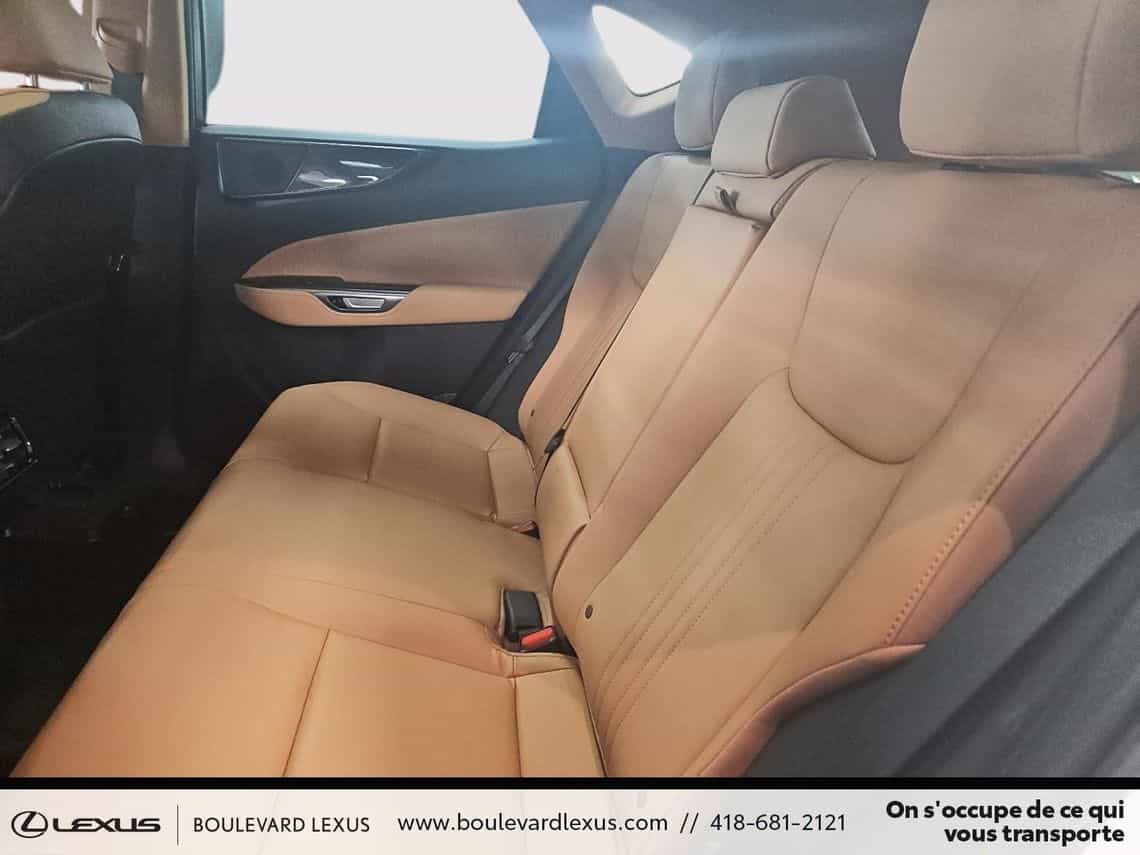 2024 Lexus NX 350 Luxe - Image 20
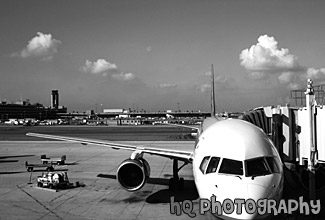 Airplane at the Terminal black and white picture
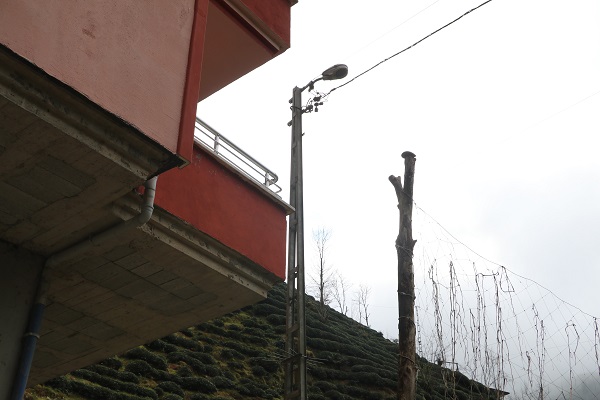 Foto - Bunun hesabını kim verecek? Karadenizlinin müthiş zekası tamam da bu kadarı fazla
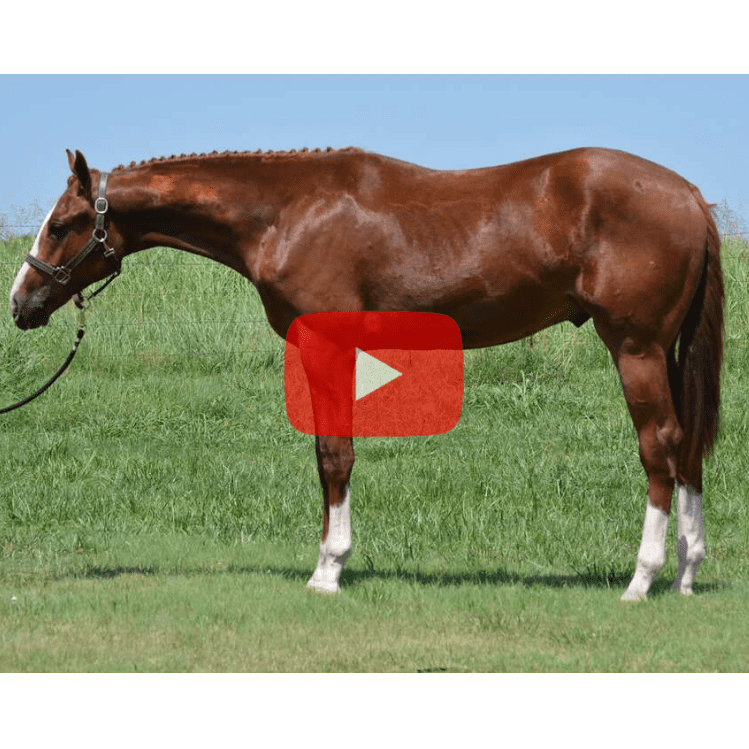 Sale Videos National Snaffle Bit Association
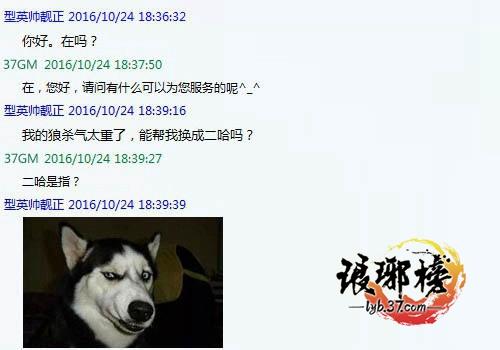 有狼不騎要騎狗?37《瑯琊榜》奇葩玩家驚呆GM_本站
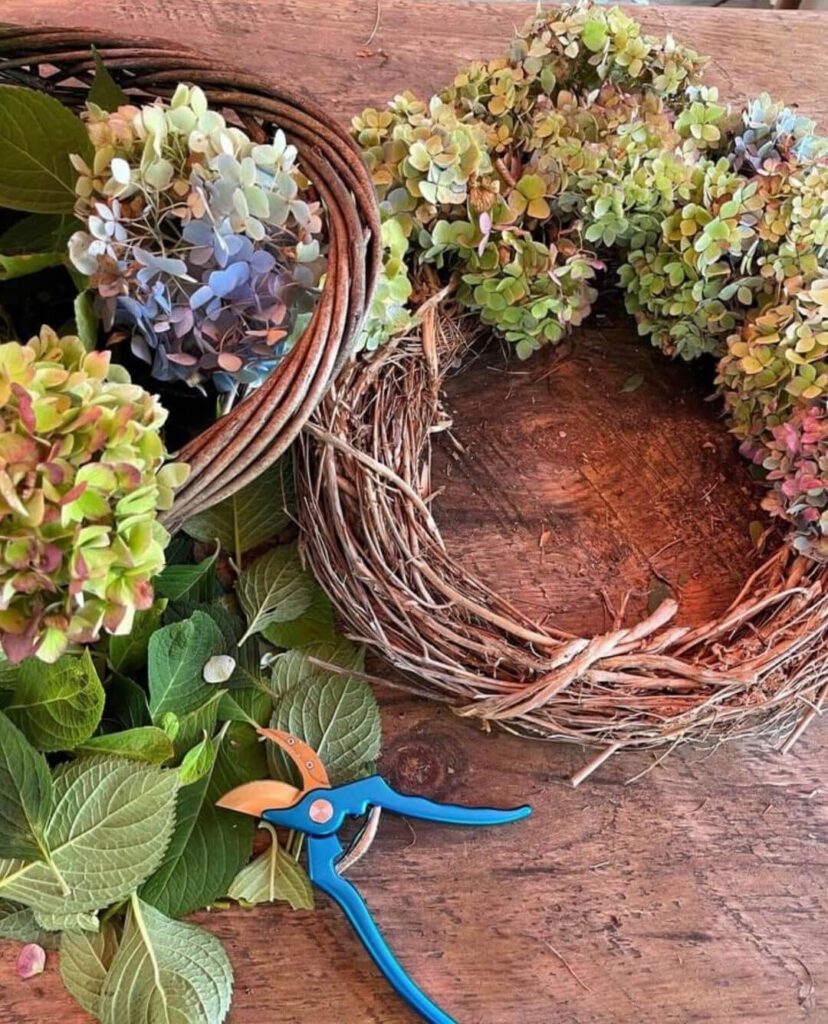 Dried hydrangea wreath DIY for free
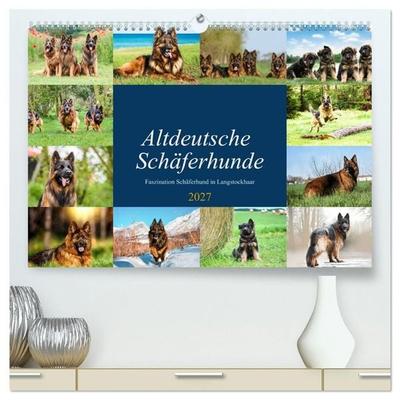 Altdeutsche Schäferhunde - Faszination Schäferhund in Langstockhaar (hochwertiger Premium Wandkalender 2027 DIN A2 quer), Kunstdruck in Hochglanz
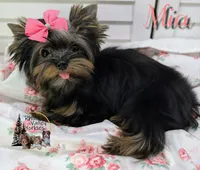 Mia , a female Yorkshire Terrier for sale in Austin, TX – 2 of 6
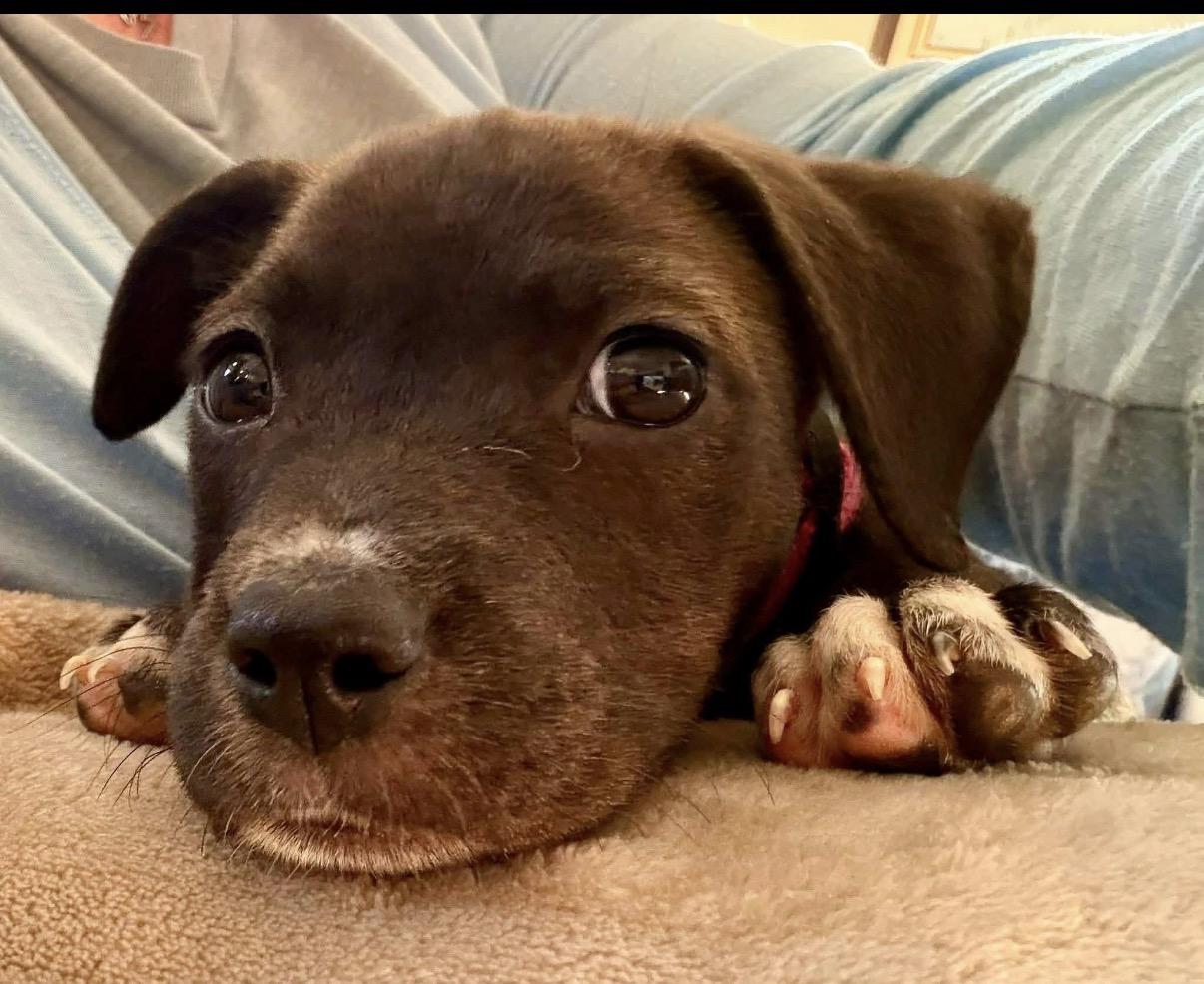 Ally, a ADOPTABLE Mixed Breed in Randolph Center, VT image 2/6
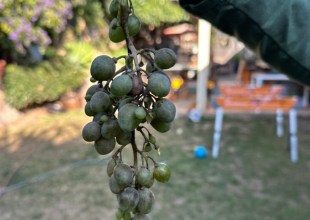 Full Belly Files | Solving a Grape Mystery in Goleta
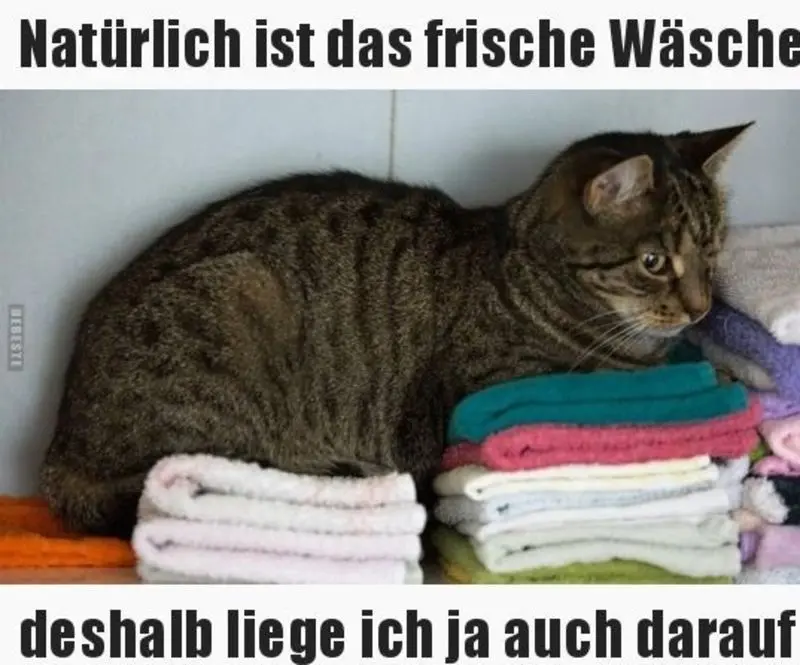 Condolence image of Silvia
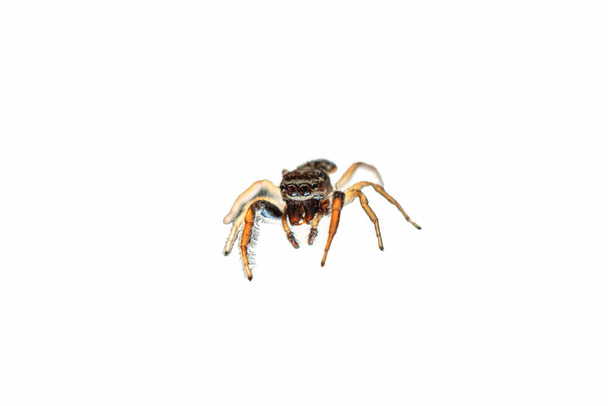 Общие небольшие прыжки дом паук крупным планом выстрел на кухне окно мелкой глубине поля изолированы на чистой белой 2020
 - Фото, изображение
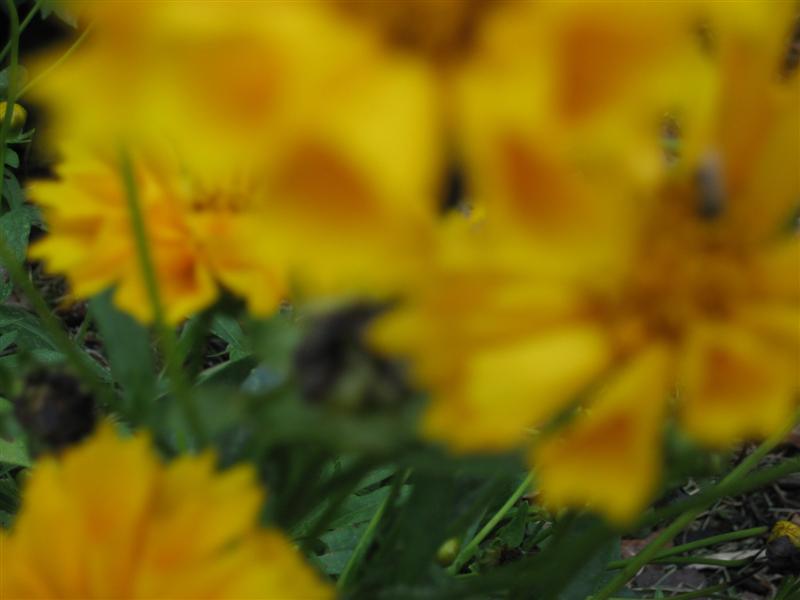 Coreopsis grandiflora Coreposis_grandiflora_flower_close.JPG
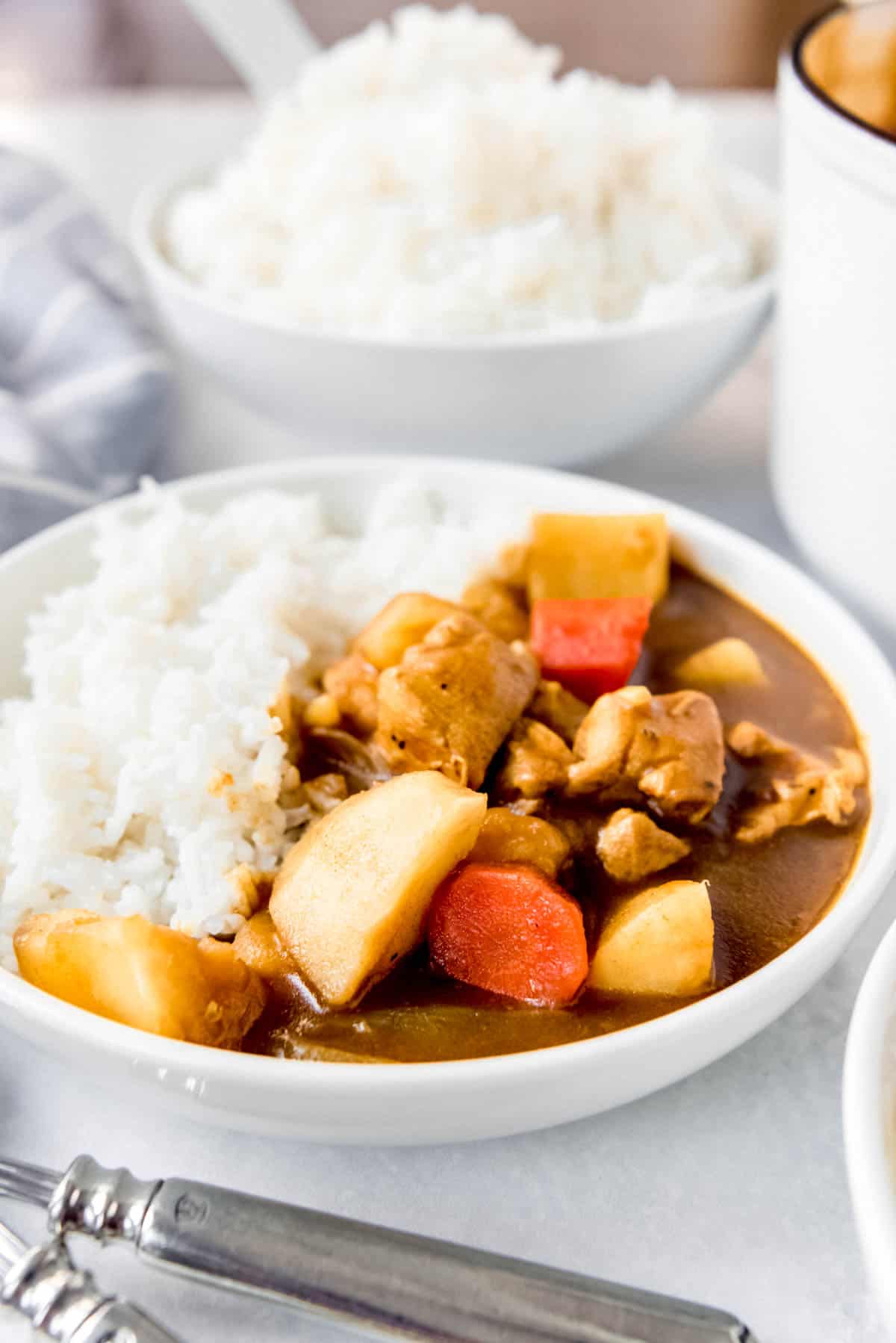 Close up of a bowl of Japanese curry, served with white rice. 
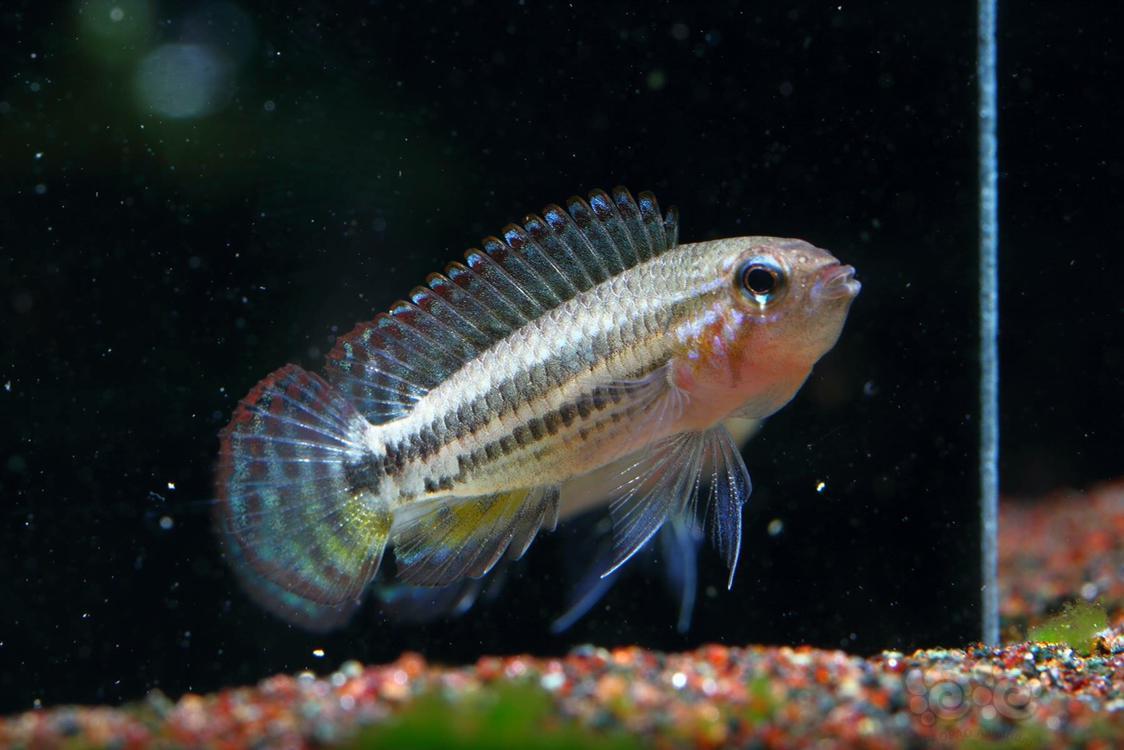 短鲷野生黄型珍宝短鲷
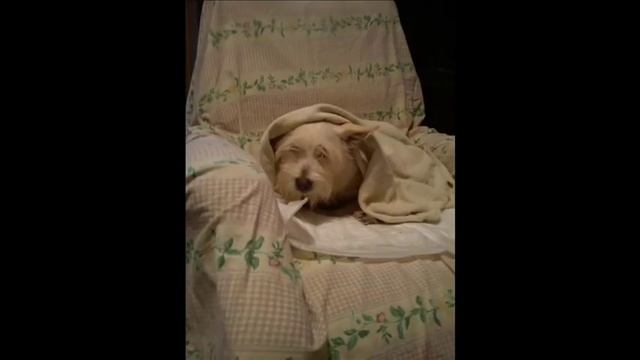 Johann Johannsson the flat смотреть онлайн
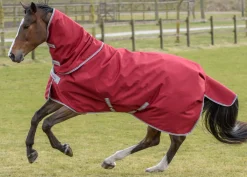 TOKLAT ORIGINALS Turnout Blankets|Bucas Irish Extra Classic Heavyweight Turnout Blanket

§ INSTRUCTIONS TO FOLLOW
Precisely those lines above that run from the line with "Altdeutsche Schäferhunde - Faszination" up to and including the line with "- Фото, изображение" are to be set down, with the pictures omitted.

§ OUTPUT FOR THIS TASK
 Altdeutsche Schäferhunde - Faszination Schäferhund in Langstockhaar (hochwertiger Premium Wandkalender 2027 DIN A2 quer), Kunstdruck in Hochglanz
 Mia , a female Yorkshire Terrier for sale in Austin, TX – 2 of 6
 Ally, a ADOPTABLE Mixed Breed in Randolph Center, VT image 2/6
 Full Belly Files | Solving a Grape Mystery in Goleta
 Condolence image of Silvia
 Общие небольшие прыжки дом паук крупным планом выстрел на кухне окно мелкой глубине поля изолированы на чистой белой 2020
 - Фото, изображение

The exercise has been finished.